BAKHMUT-ARTEMIVSK
La Serbie de Donbas
Dans l’œil de cyclone de la guerre que traverse l’Ukraine, la ville de Bakhmut (Artemivsk) fut fondée en 1753, ainsi que la ville de Lugansk, par les régiments des Hussards serbes, refugiés depuis l’Autriche avec leurs familles. Leur sort est le sujet de la fresque littéraire de Milos Crnianski, Migrations[1], ainsi que de la coproduction serbo-française du même nom[2].
Originaires de Kosovo qu’ils ont dû quitter face à la répression de masse ottomane a l’issue de la Guerre de la Sainte Ligue, fin XVIIe siècle, descendants de la cavalerie serbe qui triompha brillamment de la grande armée ottomane[3], trois fois supérieure en nombre, à Slankamen en 1691, ces militaires de père en fils étaient intégrés dans la marche frontalière autrichienne dans le Banat, au sud-est de l’Autriche ayant pour mission de défendre la frontière face à l’Empire ottoman. Exposés au prosélytisme confessionnel favorisé par Marie Thérèse, ils émigrent en Russie avec armes et bagages, pour s’établir dans les confins (Ukraine = Confins) sud-ouest de la Russie, depuis peu reconquis sur les Ottomans. Ils y fondent les provinces militaires Nouvelle Serbie et Slavo-Serbie, ayant pour chef-lieu lesdites villes de Bakhmut et de Lugansk, avec son fort fondé par les Dragons serbes du colonel Pavle Isaković, en 1755 – enjeux des combats actuels les plus acharnes, du moins pour la première de ces villes.

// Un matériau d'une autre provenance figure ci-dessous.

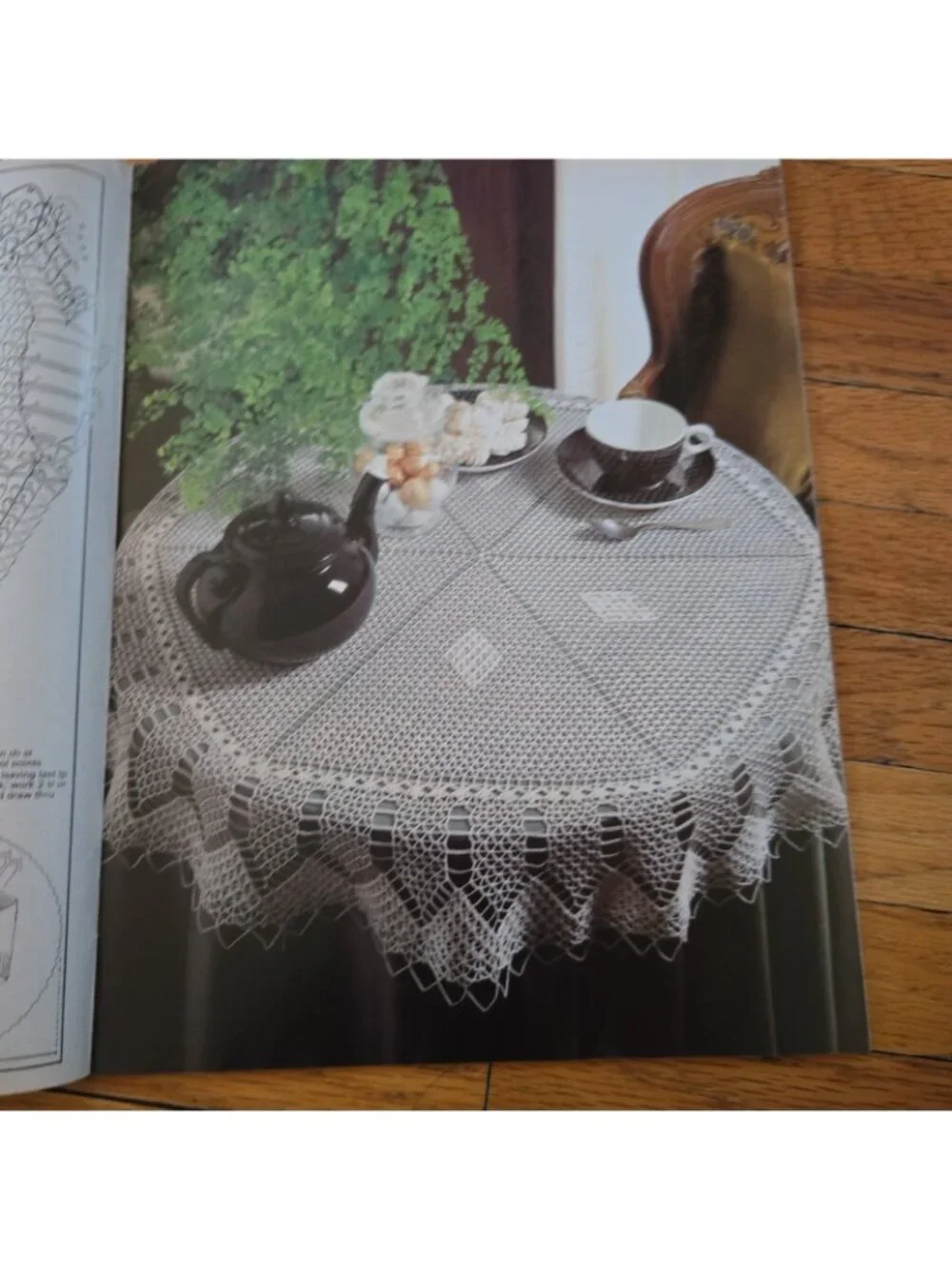 Magic Crochet Magazine June 1988 Number 54  Bedspread, Tablecloth, Filet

Rompus à la guerre incessante qui sévissait à la frontière austro-ottomane, implantés désormais dans les steppes incultes de la Russie en pleine expansion, l’élite de ces militaires de carrière eut des promotions fulgurantes à la faveur des guerres que la Russie menait dans la deuxième moitié du XVIIIe siècle. Ces hauts gradés, les généraux Vitković, De Preradović à Bakhmut, Šević à Lugansk, Panić, Vulin, Perić, Stojanović, Siméon Piščević, Sima Narandžić Zorić et Pierre Tekelija, qui devient le feld-maréchal de l’armée russe. Plus tard, lors des guerres napoléoniennes, le général de cavalerie de la Garde impériale Nikolai Ivanović de Preradović se distingua par la charge victorieuse de sa garde lors de la bataille d’Austerlitz. De 37 généraux russes de cette époque 10 étaient serbes, descendants de cette élite militaire implanté à Donbas dès la première moitié du XVIIIe siècle, dont le général Georges Arsenijević Emanuel, qui fit prisonnier le Marechal Lauriston à Paris, tout en agréant la reddition de la Garde impériale, en 1815. Plus d’une centaine de noms des plus hauts gradés serbes sont inscrits en lettres d’or dans le Mémorial de l’église du Christ Sauveur à Moscou.

[1] Migrations (Seobe), Roman / Trad. du serbe par Velimir Popović. Introd. de Nikola Milošević. – Paris : Juilliard; Lausanne : L’Age d’Homme, 1986. – 855 p.
[2] Alexandre Petrović, Migrations, avec Isabelle Hupert, Richard Berry, – «Un film exceptionnel, à la fois spectaculaire et intimiste, d’une ampleur et d’une force que l’on croyait perdues, un film d’action, d’émotion et d’idées, en plus, beau à couper le souffle, ce qui devrait lui faire le tour du monde…» LE FIGARO
[3] Le grand vizir de la Sublime Porte et commandant en chef ottoman Mustapha pacha Ćuprilić ayant été tué dans la mêlée, les instructeurs français des Ottomans n’ont pu faire grand-chose pour sauver l’armée ottomane, pourtant trois fois supérieure en nombre, les austro-serbes eurent comme butin 157 canons, 5.000 chevaux, 10.000 tentes, les pertes ottomanes s’élevèrent à 20-25.000 soldats, alors que celle des chrétiens étaient de 5 à 7.000 victimes. Ce fut la fin de la présence ottomane en Europe Centrale et en Hongrie de près de deux siècles.